Paul Manafort will cooperate with Mueller probe

September 17, 2018

Paul Manafort—who held out far longer than most Trump confidantes who’d been caught in the high beams of Special Counsel Robert Mueller’s Russia investigation—flipped on Friday, September 14.

The POTUS’s  former campaign chairman pleaded guilty on Friday to two counts and agreed to cooperate with federal prosecutors. Prosecutor Andrew Weissmann called Manafort’s plea deal a cooperation agreement during an 11 a.m. hearing at the federal courthouse in Washington, NBC News reported.

A charging document filed Friday in the District of Columbia accuses Manafort, 69, of participating in a conspiracy against the United States—involving, the network news outlet said, money laundering, tax fraud, failing to file Foreign Bank Account Reports, violating the Foreign Agents Registration Act, and lying and misrepresenting to the Department of Justice.

The second charge, conspiracy to obstruct justice, is tied to his efforts to guide witness testimony after he was indicted last year.

President Trump and his lawyer, Rudy Giuliani, had dangled a pardon for Manafort, provided that he remained “loyal” to the administration. In August, Trump praised Manafort for having “refused to break” in order to get a deal, and said he had “such respect for a brave man.”

Reacting to Friday’s guilty plea, White House Press Secretary Sarah Huckabee Sanders said, “This had absolutely nothing to do with the president or his victorious 2016 presidential campaign. It is totally unrelated.”

Giuliani commented, as he has for weeks, … “The President did nothing wrong and Paul Manafort will tell the truth.”

Giuliani later amended the statement to omit “and Paul Manafort will tell the truth.”

Earlier this week, NBC News said, Giuliani told reporters that Manafort and President Trump had a joint defense agreement, meaning defense attorneys for the two men were sharing confidential information. He said he was unconcerned about a potential plea because Manafort had nothing damaging to say about Trump.

As part of the plea, Manafort will be required to admit to the conduct outlined in the charging document, which describes a criminal scheme to launder money, defraud banks, evade taxes and violate lobbying laws. The document describes the conduct Manafort was charged with in both Virginia and Washington and additional criminal conduct.

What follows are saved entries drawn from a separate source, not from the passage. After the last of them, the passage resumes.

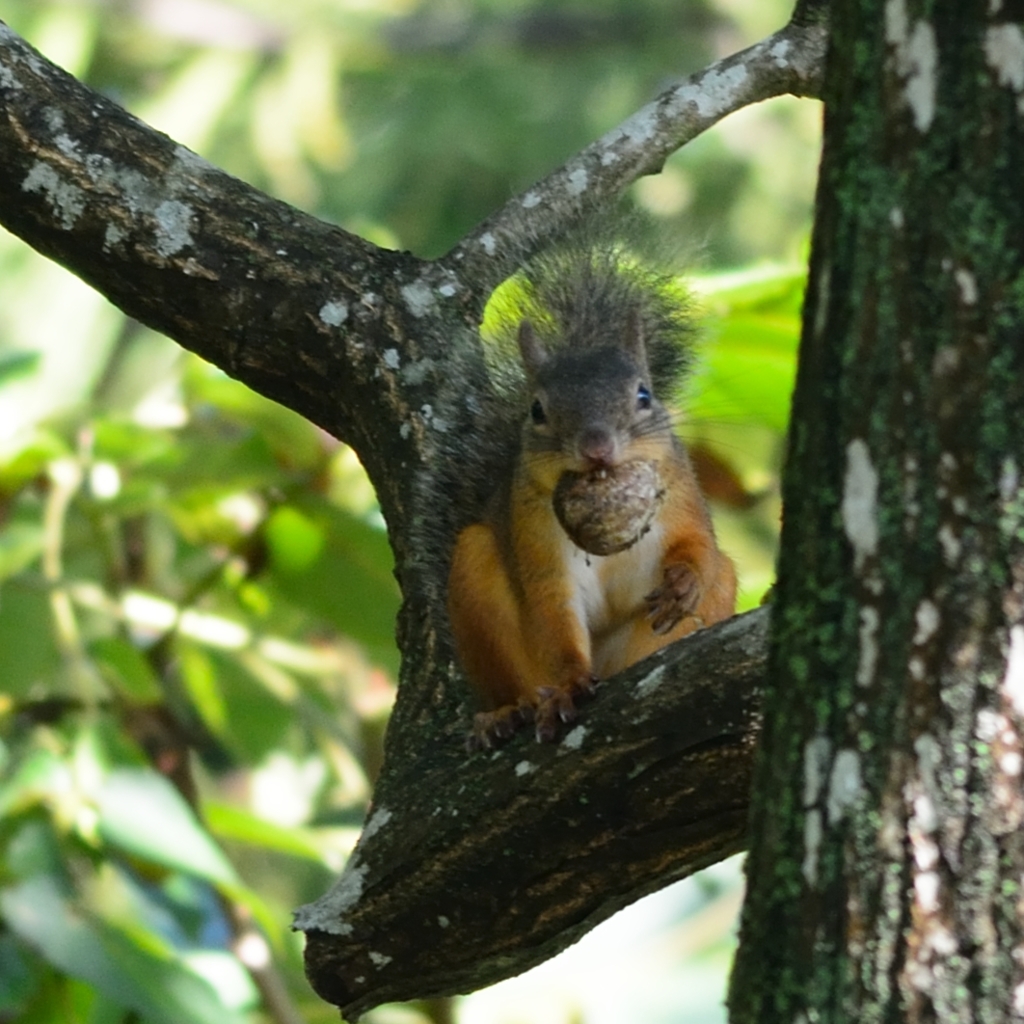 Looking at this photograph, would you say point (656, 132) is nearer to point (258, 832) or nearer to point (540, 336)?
point (540, 336)

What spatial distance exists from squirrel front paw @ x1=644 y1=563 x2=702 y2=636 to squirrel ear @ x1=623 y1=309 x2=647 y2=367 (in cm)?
39

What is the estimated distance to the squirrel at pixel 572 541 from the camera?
2.42m

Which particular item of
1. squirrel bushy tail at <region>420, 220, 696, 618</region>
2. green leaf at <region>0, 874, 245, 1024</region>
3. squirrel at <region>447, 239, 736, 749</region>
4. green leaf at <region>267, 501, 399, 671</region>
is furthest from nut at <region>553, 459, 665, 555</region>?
green leaf at <region>0, 874, 245, 1024</region>

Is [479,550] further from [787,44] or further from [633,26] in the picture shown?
[633,26]

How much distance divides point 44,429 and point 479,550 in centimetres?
126

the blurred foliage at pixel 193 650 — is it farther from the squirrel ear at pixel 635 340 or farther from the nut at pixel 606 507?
the nut at pixel 606 507

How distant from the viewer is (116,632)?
340 centimetres

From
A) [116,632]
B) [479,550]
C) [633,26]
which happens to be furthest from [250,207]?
[633,26]

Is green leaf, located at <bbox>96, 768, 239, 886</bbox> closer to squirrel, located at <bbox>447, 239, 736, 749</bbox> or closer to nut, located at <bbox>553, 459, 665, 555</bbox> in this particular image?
squirrel, located at <bbox>447, 239, 736, 749</bbox>

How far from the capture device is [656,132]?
2561 millimetres

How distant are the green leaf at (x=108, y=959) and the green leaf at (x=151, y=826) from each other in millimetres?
145

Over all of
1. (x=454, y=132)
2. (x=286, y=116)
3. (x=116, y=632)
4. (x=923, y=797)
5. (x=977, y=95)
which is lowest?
(x=923, y=797)

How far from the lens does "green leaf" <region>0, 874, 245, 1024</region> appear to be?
2.83 meters

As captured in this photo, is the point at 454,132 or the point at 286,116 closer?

With his guilty plea, the network’s report said, Manafort will forfeit three properties in New York—his home in the Hamptons, a property in Manhattan on Howard Street, and a property in Brooklyn—as well as a property on Edgewood Street in Arlington, Virginia, according to the filing.

In addition, Manafort forfeits all funds contained in four bank accounts, as well as a life insurance policy.